Maybe I’m Just Tired
This was originally published in my Prime Lenses Newsletter. You can sign-up for a weekly update to your inbox here.
This week 2 new things have made me question whether I even want new things. We’ll start with social media and a trip back in time. It’s 2007. A fresh faced account executive named Iain is at Oyster Partners, Naoroji Street, London. He has just bounded up the stairs of the old school building to visit a project team he works with. Imran meets him as he crosses the office.
“Have you joined Twitter yet?”
I hadn’t. I was skeptical of signing up. What was the point? Who would use it? Remember, this is before Facebook had launched in the UK and the “benefits” of social media were unknown to us, we didn’t even know to call it social media yet. I had a Flickr account for photos, a neglected blog on my own website and that was about it. Twitter’s founders talked in excited abstract terms about “ambient intimacy”, Web 2.0 was something we were starting to say in relation to richer software on the web and Twitter had yet to blow up at SXSW, it would again with the arrival of the iPhone in late 2007. With the growing sense that this was something I caved, made an account that was private at first and then was swept along with it all just like everyone else. It was a lot of fun the way that you could suddenly reach folks with common interests all over the world, truly the gift of this age of the internet. Many of the wonderful people I get to speak to on the show are contacts and friends I’ve made using direct messaging tools on social platforms, a feature that become mainstream thanks to Twitter and later social networks that riffed on those ideas.
18 years later and if you’re a photo person online this week you’ve probably seen a growing number of posts encouraging you to once again move to a new photo-centric social network. The Foto App promises to become the best place to post pictures online. Chronological posts free of ads allowing me to “Reclaim” my feed, something I probably haven’t been able to do since Google Reader shut down in 2013. The fediverse, activitypub and other standards are probably the way to go but the bigger barrier facing me is the very real fatigue with social websites and the pressure they place on us to post, be active and generally “join the conversation”.

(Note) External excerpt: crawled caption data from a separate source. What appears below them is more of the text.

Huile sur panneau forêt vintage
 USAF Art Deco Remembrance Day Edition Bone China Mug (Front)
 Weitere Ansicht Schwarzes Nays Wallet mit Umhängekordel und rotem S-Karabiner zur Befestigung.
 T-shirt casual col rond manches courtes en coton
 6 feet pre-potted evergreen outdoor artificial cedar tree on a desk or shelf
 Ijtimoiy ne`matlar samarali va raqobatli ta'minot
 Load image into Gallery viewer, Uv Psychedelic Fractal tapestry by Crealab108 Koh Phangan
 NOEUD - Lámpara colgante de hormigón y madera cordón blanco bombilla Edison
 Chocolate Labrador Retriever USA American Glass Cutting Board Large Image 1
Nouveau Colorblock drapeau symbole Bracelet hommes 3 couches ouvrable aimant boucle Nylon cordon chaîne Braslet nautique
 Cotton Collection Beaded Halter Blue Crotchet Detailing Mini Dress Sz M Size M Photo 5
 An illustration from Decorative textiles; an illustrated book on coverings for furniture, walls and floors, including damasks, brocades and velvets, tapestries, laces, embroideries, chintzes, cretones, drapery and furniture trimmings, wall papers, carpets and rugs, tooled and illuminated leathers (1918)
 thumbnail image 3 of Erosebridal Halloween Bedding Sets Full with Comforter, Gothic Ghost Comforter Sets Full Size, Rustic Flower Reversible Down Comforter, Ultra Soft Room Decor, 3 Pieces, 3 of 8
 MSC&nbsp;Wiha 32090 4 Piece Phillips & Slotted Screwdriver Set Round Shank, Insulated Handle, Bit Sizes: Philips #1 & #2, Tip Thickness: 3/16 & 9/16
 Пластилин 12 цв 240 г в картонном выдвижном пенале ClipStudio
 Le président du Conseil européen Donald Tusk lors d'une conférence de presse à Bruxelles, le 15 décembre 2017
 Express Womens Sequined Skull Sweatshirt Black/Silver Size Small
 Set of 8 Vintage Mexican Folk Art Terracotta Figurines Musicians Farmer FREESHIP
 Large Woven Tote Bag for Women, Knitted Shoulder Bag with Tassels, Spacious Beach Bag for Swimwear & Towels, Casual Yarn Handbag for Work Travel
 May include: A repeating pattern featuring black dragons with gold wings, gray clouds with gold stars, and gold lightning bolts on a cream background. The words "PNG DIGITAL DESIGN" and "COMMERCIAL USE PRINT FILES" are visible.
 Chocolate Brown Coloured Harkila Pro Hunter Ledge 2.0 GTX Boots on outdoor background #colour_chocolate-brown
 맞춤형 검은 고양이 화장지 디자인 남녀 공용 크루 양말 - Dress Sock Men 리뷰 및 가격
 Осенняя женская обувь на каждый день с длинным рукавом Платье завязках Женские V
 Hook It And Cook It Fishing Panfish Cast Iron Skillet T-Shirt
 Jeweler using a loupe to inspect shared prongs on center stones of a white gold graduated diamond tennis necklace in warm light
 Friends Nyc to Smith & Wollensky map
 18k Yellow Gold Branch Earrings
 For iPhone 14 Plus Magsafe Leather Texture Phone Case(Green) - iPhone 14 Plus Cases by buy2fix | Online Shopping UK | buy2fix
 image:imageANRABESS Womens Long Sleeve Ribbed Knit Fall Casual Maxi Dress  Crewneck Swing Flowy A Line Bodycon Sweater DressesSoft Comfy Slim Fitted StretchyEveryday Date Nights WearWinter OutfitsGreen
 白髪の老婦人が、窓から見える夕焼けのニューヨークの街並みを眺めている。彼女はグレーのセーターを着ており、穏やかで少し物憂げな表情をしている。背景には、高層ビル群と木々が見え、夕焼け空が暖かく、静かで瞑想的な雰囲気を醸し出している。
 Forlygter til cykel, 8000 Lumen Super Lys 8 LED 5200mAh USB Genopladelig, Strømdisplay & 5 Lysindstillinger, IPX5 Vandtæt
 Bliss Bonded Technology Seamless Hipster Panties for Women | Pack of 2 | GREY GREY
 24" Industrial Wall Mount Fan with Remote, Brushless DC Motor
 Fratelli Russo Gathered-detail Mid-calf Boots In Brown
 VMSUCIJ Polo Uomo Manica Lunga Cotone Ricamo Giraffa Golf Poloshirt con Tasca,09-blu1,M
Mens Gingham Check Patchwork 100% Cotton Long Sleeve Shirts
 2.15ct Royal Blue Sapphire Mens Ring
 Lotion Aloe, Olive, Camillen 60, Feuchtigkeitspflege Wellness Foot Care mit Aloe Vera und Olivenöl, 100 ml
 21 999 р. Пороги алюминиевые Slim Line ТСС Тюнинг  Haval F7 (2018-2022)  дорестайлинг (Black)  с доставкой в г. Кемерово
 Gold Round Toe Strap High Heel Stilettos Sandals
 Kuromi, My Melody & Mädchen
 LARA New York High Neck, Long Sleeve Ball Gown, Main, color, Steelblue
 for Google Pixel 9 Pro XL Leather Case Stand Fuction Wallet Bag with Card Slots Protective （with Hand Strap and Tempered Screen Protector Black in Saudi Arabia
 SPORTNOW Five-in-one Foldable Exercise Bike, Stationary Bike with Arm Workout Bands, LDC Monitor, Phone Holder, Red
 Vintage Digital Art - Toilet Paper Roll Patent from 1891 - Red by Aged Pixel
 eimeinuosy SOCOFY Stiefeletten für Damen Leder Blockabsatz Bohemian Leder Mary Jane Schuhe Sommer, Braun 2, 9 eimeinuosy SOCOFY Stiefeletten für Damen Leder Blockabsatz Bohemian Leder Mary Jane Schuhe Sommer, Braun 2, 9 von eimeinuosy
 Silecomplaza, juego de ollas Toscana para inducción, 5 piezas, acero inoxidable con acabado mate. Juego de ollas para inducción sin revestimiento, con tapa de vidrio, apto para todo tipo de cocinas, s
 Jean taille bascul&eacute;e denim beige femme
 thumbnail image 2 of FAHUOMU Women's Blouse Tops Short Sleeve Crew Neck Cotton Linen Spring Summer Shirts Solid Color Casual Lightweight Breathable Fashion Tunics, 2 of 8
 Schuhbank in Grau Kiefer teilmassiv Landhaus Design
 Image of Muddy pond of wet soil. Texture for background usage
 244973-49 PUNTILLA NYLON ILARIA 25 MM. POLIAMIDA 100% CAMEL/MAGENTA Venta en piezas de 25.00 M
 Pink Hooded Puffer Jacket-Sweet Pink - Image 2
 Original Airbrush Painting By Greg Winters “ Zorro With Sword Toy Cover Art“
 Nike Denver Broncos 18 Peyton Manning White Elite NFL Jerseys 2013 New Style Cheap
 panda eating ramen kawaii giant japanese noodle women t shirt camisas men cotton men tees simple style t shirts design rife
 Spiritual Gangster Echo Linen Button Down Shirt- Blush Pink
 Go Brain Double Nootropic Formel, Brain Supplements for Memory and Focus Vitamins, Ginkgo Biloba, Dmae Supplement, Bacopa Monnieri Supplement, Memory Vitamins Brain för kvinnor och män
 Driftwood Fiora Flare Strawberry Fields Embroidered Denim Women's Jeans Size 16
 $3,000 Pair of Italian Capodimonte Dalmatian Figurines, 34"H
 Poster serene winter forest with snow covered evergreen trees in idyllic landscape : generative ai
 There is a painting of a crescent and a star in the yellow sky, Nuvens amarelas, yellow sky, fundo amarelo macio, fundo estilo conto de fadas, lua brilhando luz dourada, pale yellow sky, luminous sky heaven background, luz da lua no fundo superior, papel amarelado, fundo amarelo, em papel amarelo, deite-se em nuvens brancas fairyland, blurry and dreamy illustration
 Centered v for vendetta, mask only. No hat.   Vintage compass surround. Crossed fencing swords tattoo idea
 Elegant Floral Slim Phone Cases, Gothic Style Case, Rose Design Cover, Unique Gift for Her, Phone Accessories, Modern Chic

Ali of One Month Two Cameras fame recently finished a month off social media and has come back both refreshed and with gusto. I, on the other hand, am coming up on a year of Prime Lenses and could probably do with a break and a bit of a confidence boost. I’m going to be at the London Photography Show in March, if you’re going let me know, I’ll be the guy in the yellow Prime Lenses t-shirt :D
As far as Foto goes, I’m not sure I can do it again. I know that’s probably the wrong approach to take for someone making a podcast about photography. Someone who hopes to attract more listeners over time. But honestly, who has the time?! It’s not March 2020. I’m not going to be at home that much! xD
I’m on Mastodon, Instagram, Threads, Bluesky, I have a website, a job, a weekly podcast and newsletter to write. It’s a lot already. Can I really add to that? Should I? Who even are these guys? I’m wary now of who gets my data, what they might do with it, who buys it, all that stuff.
So I stand at a crossroads. Or maybe on the outside looking in.
BFF?
The other thing I have mixed feelings about is the new Sigma BF. I feel like Cartman in the episode of South Park where people assume he likes Family Guy.
The Sigma BF
On paper this camera is very me. A future focused, unapologetically modern camera. No SD card slot, no pretence at paying homage to roots in film. An imaging device that can only exist because of modern advancements in technology. A minimal design, matching series of lenses. This should be my jam, and yet I just dunno. I think it looks hard to hold and like no one said no to any of the ideas curated during its development. A strap lug on one side, a body that looks too small to hold comfortably. I will wait for the reviews rather than the first impressions of folks flown to Japan by Sigma but as it stands I’m far more excited by the Pixii or VWFNDR.
I admire what they’re doing but maybe not what they’ve made.